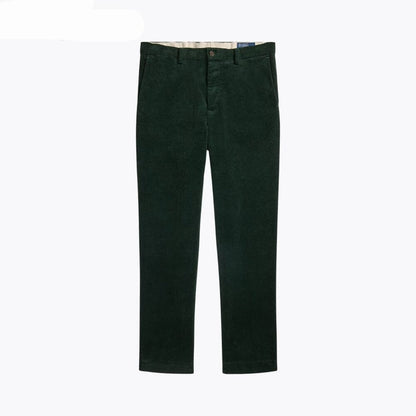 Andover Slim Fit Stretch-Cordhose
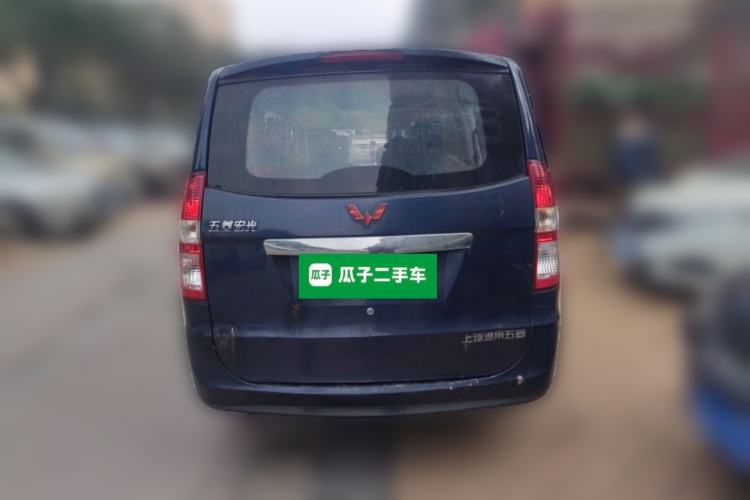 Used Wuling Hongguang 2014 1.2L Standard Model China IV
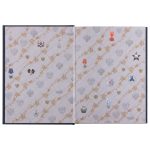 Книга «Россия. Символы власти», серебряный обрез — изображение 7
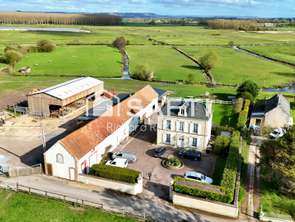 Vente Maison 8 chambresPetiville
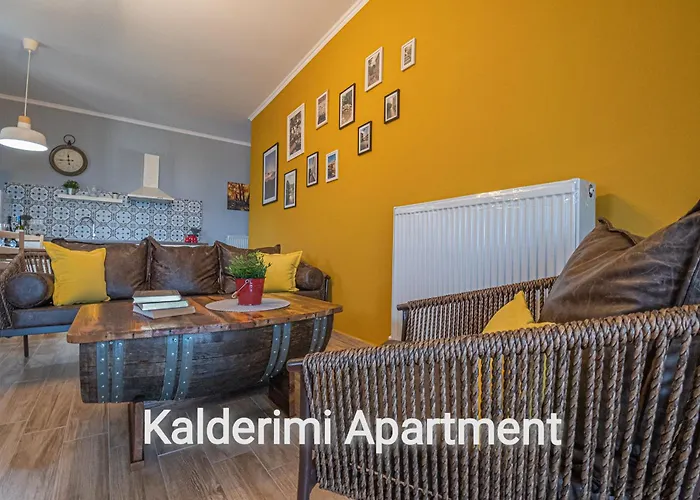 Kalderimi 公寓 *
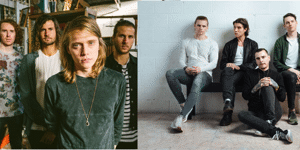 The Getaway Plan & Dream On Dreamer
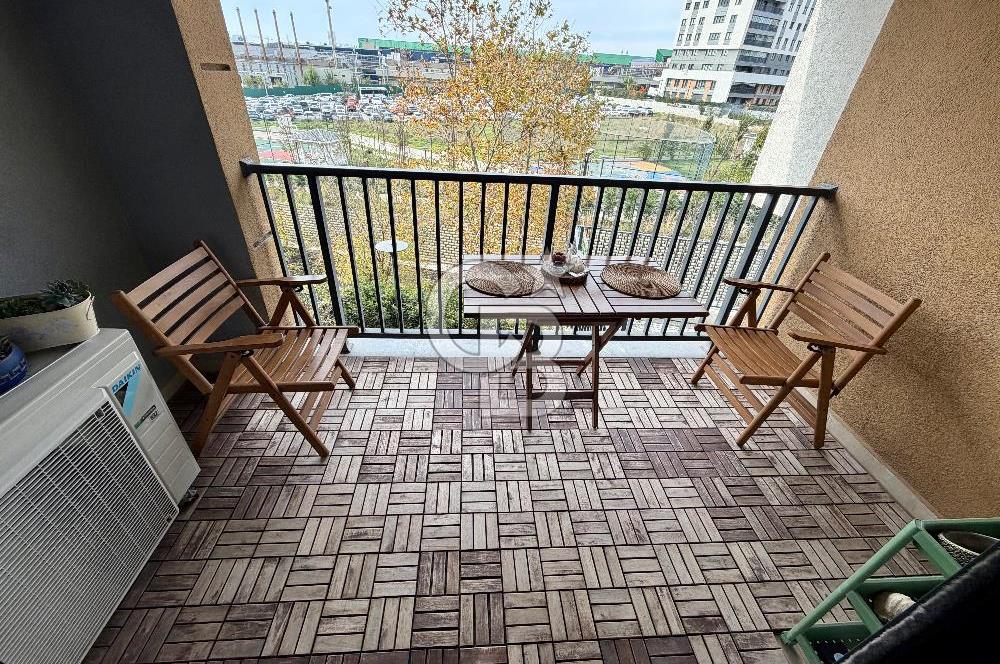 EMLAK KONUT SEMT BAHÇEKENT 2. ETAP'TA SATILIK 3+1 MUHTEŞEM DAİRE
* * *
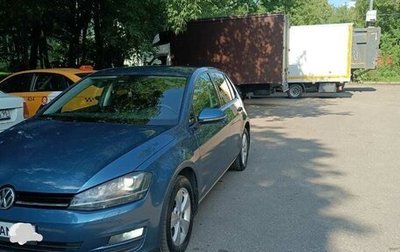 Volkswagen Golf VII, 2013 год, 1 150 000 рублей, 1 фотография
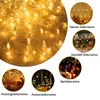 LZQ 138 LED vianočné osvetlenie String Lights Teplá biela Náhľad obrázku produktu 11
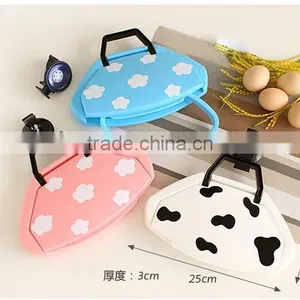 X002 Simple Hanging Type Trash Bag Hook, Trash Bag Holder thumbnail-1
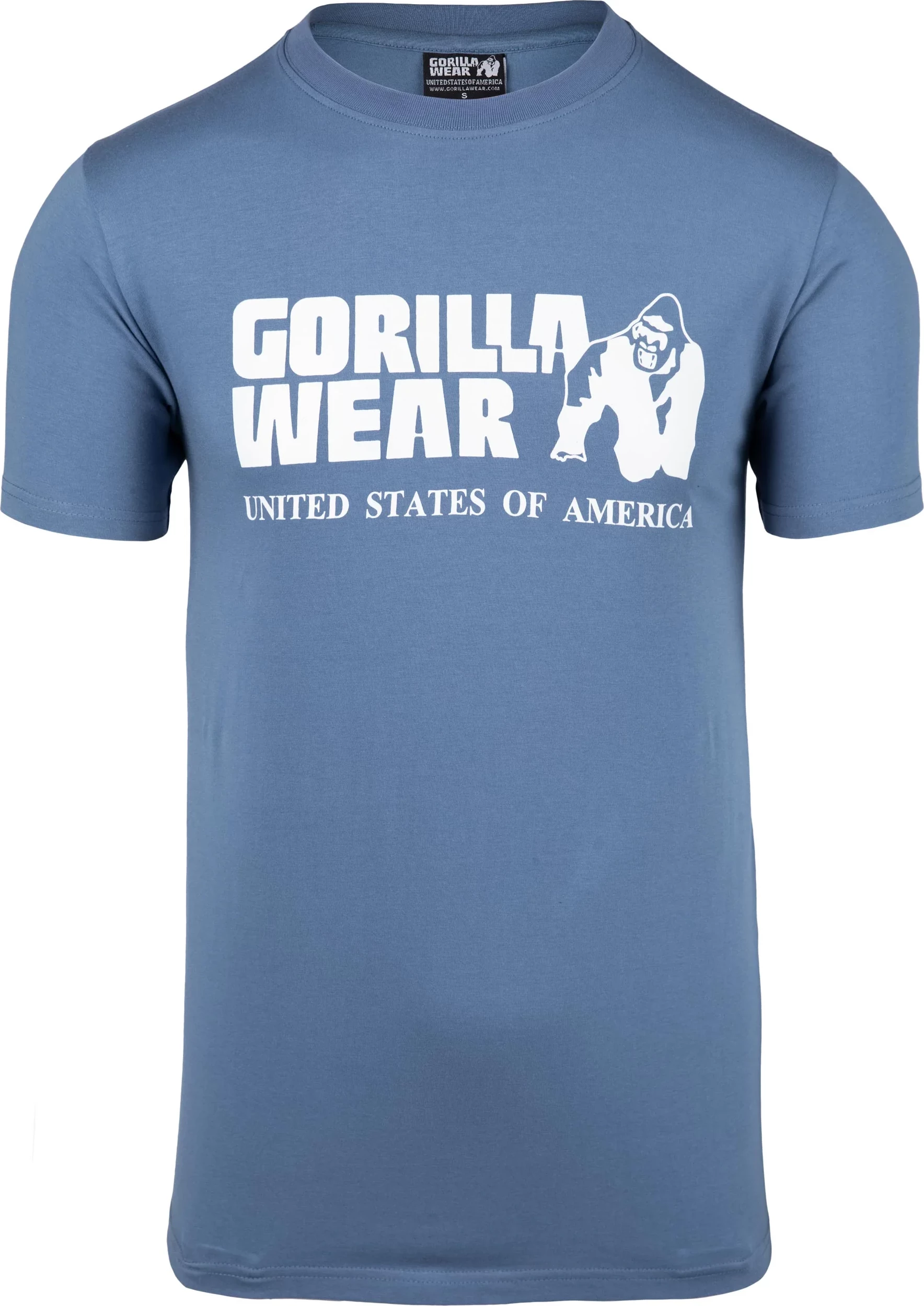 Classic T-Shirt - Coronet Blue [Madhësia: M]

## WORK TASK
Transcribe, exactly and without pictures, everything in the data from the line with "Vente Maison 8 chambresPetiville" down to the line with "EMLAK KONUT SEMT", both included.

## RESPONSE TO THIS TASK
 Vente Maison 8 chambresPetiville
 Kalderimi 公寓 *
 The Getaway Plan & Dream On Dreamer
 EMLAK KONUT SEMT BAHÇEKENT 2. ETAP'TA SATILIK 3+1 MUHTEŞEM DAİRE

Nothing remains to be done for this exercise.